Non aux théories du complot
Il serait commode de rejeter la faute sur un complot, mais nous ne le pouvons pas. L’empire global dépend de l’efficacité des grandes banques, des grands groupes et des gouvernements – de la corporatocratie – mais il n’y a pas de conspiration. La corporatocratie, c’est nous-mêmes qui en permettons l’existence et c’est pourquoi la plupart d’entre nous avons du mal à nous y opposer. Nous préférons imaginer des conspirateurs tapis dans l’ombre parce que nous travaillons presque tous pour l’une de ces banques, de ces sociétés ou l’un de ces gouvernements ou en dépendons pour les biens et services qu’ils produisent et commercialisent. Comment mordre la main qui nous nourrit?
Perkins compare la situation actuelle à celle des colons américains qui, contre la théorie du mercantilisme, se sont décidés pour l’indépendance et se sont opposés à l’Empire britannique. On les avait pourtant convaincus qu’il valait mieux pour tout le monde que l’ensemble des ressources soient acheminées vers le roi d’Angleterre. Ils ont finalement compris que ce système ne faisait qu’enrichir les riches au détriment des pauvres.

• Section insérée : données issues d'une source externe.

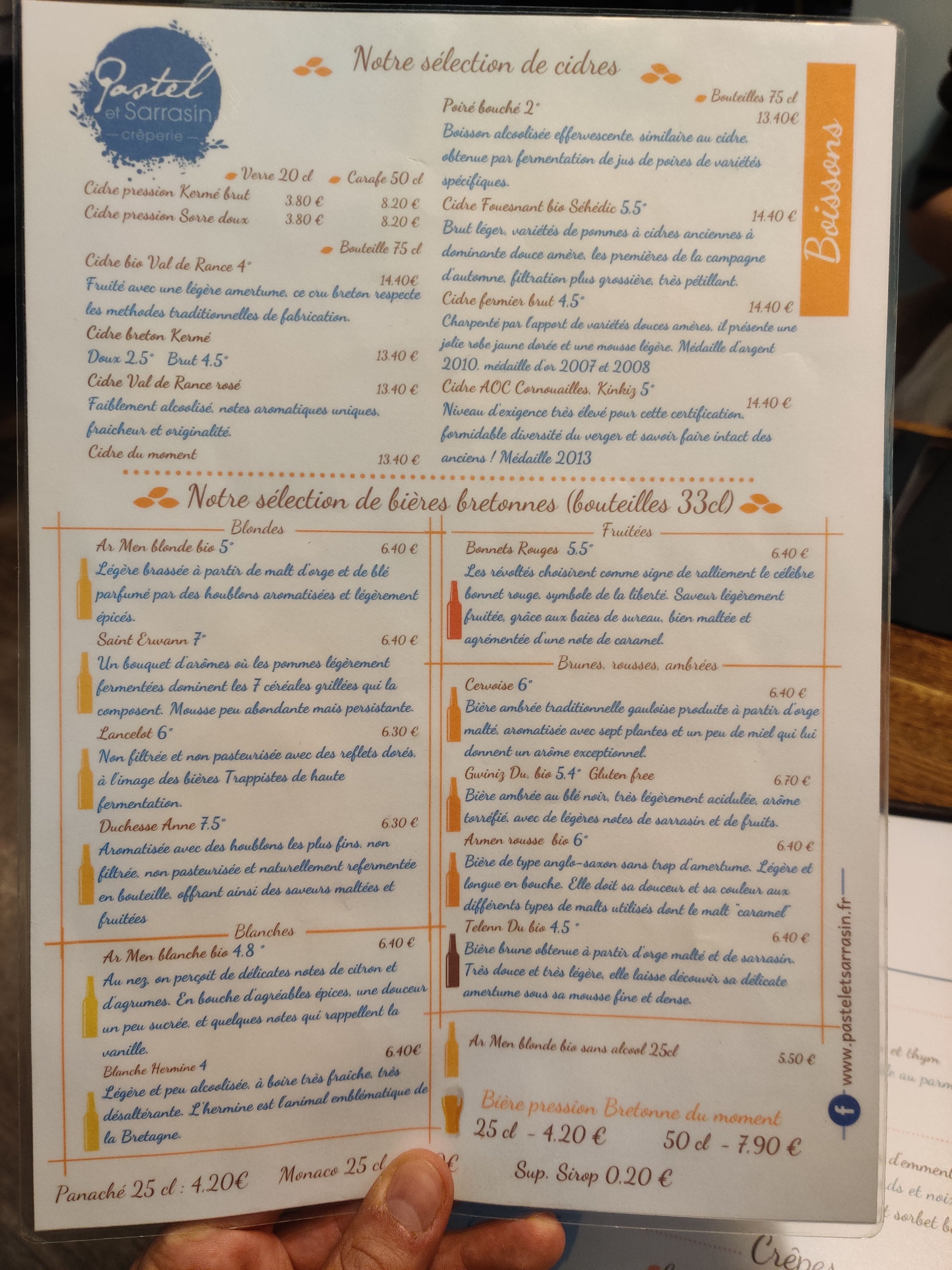 Photo n° 5 de l'avis de Julien.o fait le 07/11/2022 à 18:53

Pour une humanité qui va sur la Lune, qui a démantelé le système soviétique, qui vend des produits tels que Nike, McDonald’s ou Coca-Cola• aux pauvres du monde entier comme autant de symboles du progrès et qui est capable de créer dans le monde entier des infrastructures pour ces entreprises, il ne devrait pas être difficile de résoudre les problèmes qui se présentent. Ce ne sont pas les réseaux internationaux de communication et de distribution qui manquent. Ce qu’il nous faut, c’est une révolution de l’éducation qui nous amène, nous et nos enfants, à penser de manière indépendante, à mettre en question les explications toutes faites et à oser sortir des chemins battus de la pensée et de l’action pour nous mettre ensemble et créer des alternatives au système actuel.